May 8, 2025

Monthly Market Snapshot - May

Canadian and U.S. equities ended the month lower, but well off the worst levels seen in the days following the April 2 “Liberation Day” tariff announcement. President Trump introduced his long-anticipated “reciprocal” tariffs, which included a 10% baseline tax on imports from all countries, a 34% tariff on Chinese goods, a 25% tariff on all car imports, and a 20% tariff on EU goods. In response, the S&P 500 suffered its most severe two-day decline since March 2020, as investors raised concerns about potential growth impacts. However, shortly thereafter, the president declared a 90-day suspension on the implementation of higher-level reciprocal tariffs to facilitate negotiations, resulting in the S&P 500 experiencing its most significant single-day gain since October 2008.

Canada’s benchmark index was 0.3% lower in April, as five of its underlying sectors were negative during the month. The loss was led by health care and energy, falling 7.0% and 6.3%, respectively. Consumer staples was the best-performing sector, with a 5.5% gain. Small-cap stocks, as measured by the S&P/TSX SmallCap Index, fell 2.0% for the month. The U.S. dollar depreciated 4.1% versus the loonie in April, lowering returns of foreign markets from a Canadian investor’s standpoint. Note that all returns in this paragraph are in CAD terms. U.S.-based stocks, as measured by the S&P 500 Index, fell 4.7% in April. All of the benchmark’s underlying sectors were in the red during the month, with energy leading the decline with a 17.1% loss. International stocks, as measured by the FTSE Developed ex-US Index, was flat during the month, while emerging markets were down 3.5%.

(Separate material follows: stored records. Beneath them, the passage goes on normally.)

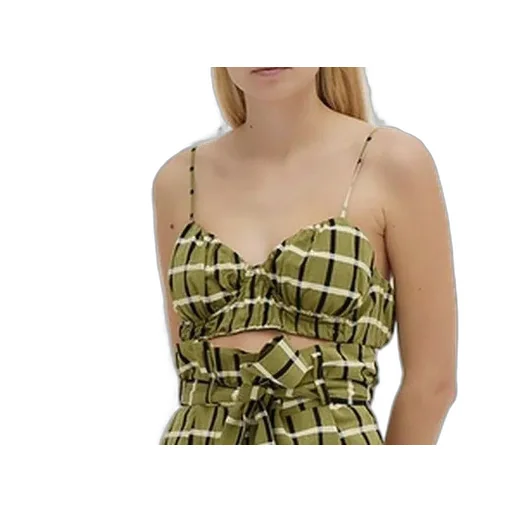 Checked Cropped Top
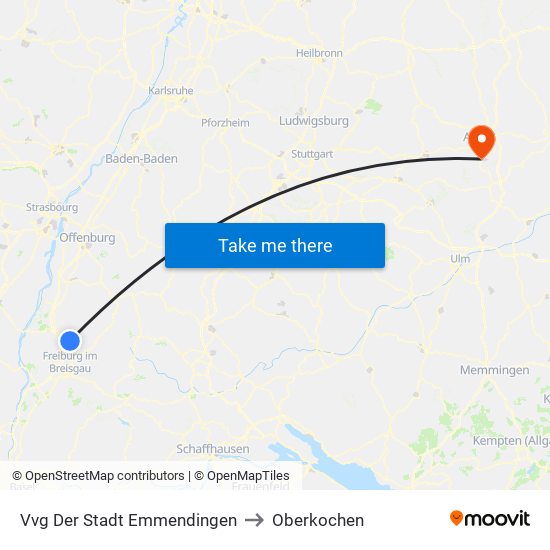 Vvg Der Stadt Emmendingen to Oberkochen map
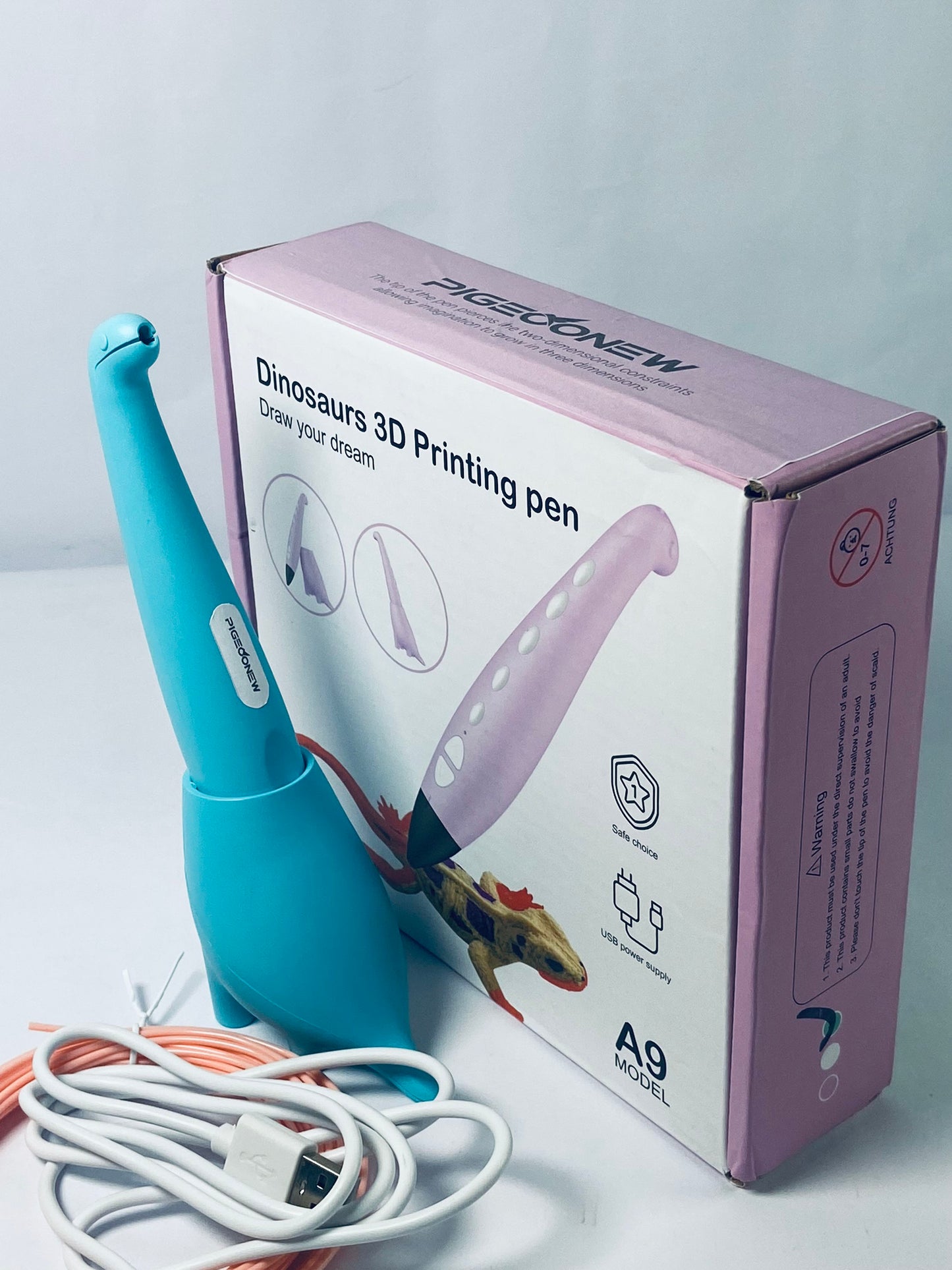 PIGEOONEW 3D Printing Pen with Display - Includes 3D Pen, 3 Starter Colors of PLA Filament, Stencil Book + Project Guide, and Charger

The investment grade fixed income indices we follow were negative in April. Canadian investment grade bonds, as measured by the FTSE Canada Universe Bond Index, fell 0.7% during the month, while the key global investment grade bond benchmark lost 1.2%. Global high-yield issues fell 4.0%. Turning to commodities, natural gas prices fell 19.3% during the month, while the price of a barrel of crude oil fell 18.6%. Copper and silver had a negative month, falling 9.4% and 6.0%, respectively, while gold gained 6.3%.

Inflation in Canada came in at 2.3% year-over-year in March. The deceleration was due to lower prices for gasoline and air travel. The Canadian economy lost 33,000 jobs in March, as the nation’s unemployment rate rose to 6.7%. The Bank of Canada held its policy rate at 2.75%, following seven straight cuts. The U.S. economy contracted for the first time in three years to start 2025 as a surge in imports dragged down GDP and prices increased more than forecast.

Content sourced from Bloomberg; data as at April 30.